_Material for this exercise_
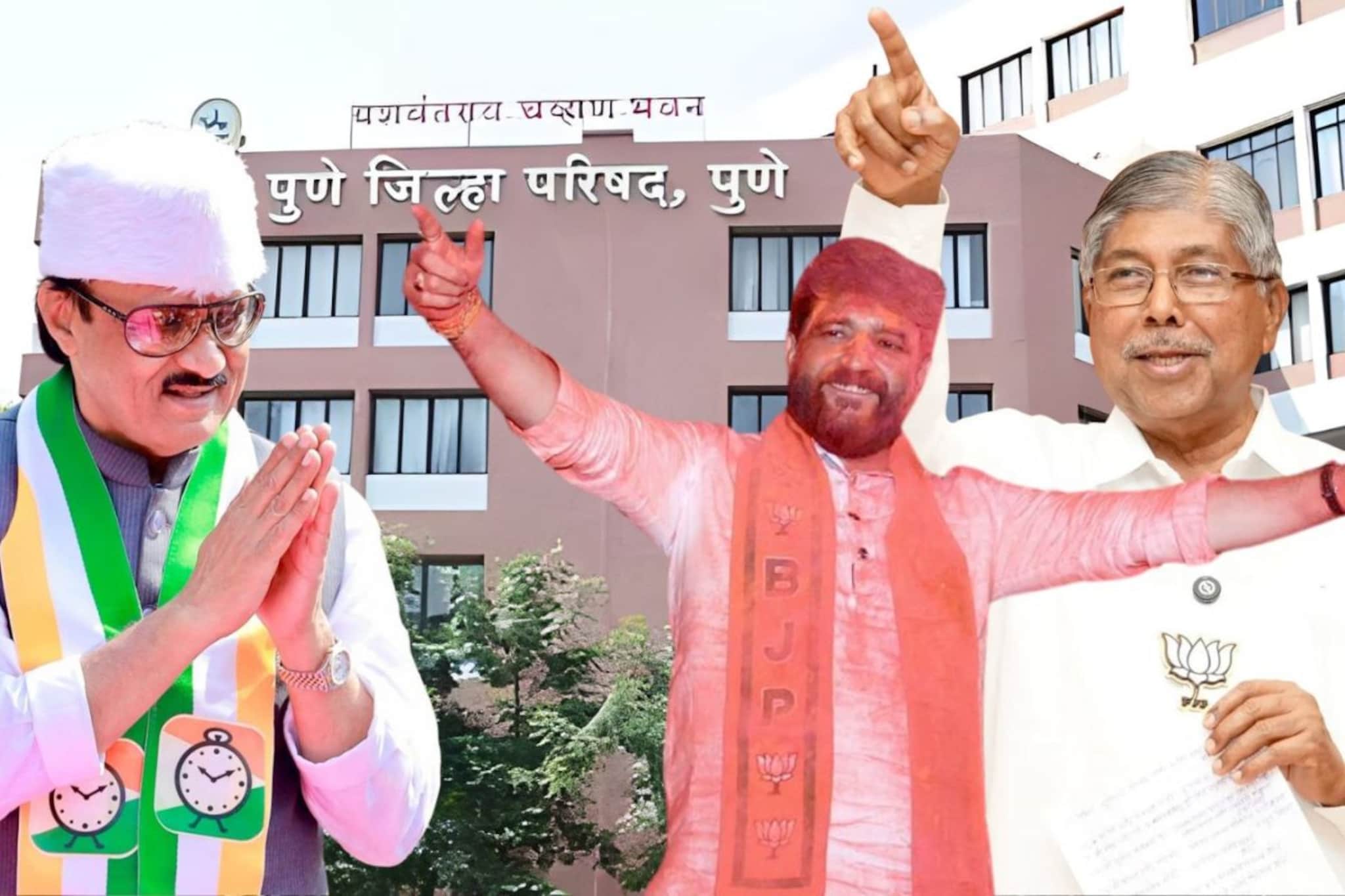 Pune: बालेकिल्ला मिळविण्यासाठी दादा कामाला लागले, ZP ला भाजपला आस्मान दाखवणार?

...

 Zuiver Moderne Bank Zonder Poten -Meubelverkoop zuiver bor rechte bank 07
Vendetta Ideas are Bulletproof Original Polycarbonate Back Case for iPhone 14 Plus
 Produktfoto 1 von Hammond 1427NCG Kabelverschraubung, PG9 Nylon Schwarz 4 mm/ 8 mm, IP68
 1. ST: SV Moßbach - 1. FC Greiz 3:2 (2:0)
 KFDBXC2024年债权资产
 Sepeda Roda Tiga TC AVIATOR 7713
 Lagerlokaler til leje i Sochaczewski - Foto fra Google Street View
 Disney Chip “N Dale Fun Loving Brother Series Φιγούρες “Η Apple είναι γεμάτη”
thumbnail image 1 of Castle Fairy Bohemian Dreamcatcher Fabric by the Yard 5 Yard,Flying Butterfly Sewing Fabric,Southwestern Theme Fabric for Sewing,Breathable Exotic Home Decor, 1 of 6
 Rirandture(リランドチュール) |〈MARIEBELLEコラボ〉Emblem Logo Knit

_Task objective_
From the entries above, write out only the lines starting at the line that holds "Produktfoto 1 von" and ending at the line that holds "thumbnail image 1", keeping both and matching them exactly.

_Solution to the exercise_
 Produktfoto 1 von Hammond 1427NCG Kabelverschraubung, PG9 Nylon Schwarz 4 mm/ 8 mm, IP68
 1. ST: SV Moßbach - 1. FC Greiz 3:2 (2:0)
 KFDBXC2024年债权资产
 Sepeda Roda Tiga TC AVIATOR 7713
 Lagerlokaler til leje i Sochaczewski - Foto fra Google Street View
 Disney Chip “N Dale Fun Loving Brother Series Φιγούρες “Η Apple είναι γεμάτη”
thumbnail image 1 of Castle Fairy Bohemian Dreamcatcher Fabric by the Yard 5 Yard,Flying Butterfly Sewing Fabric,Southwestern Theme Fabric for Sewing,Breathable Exotic Home Decor, 1 of 6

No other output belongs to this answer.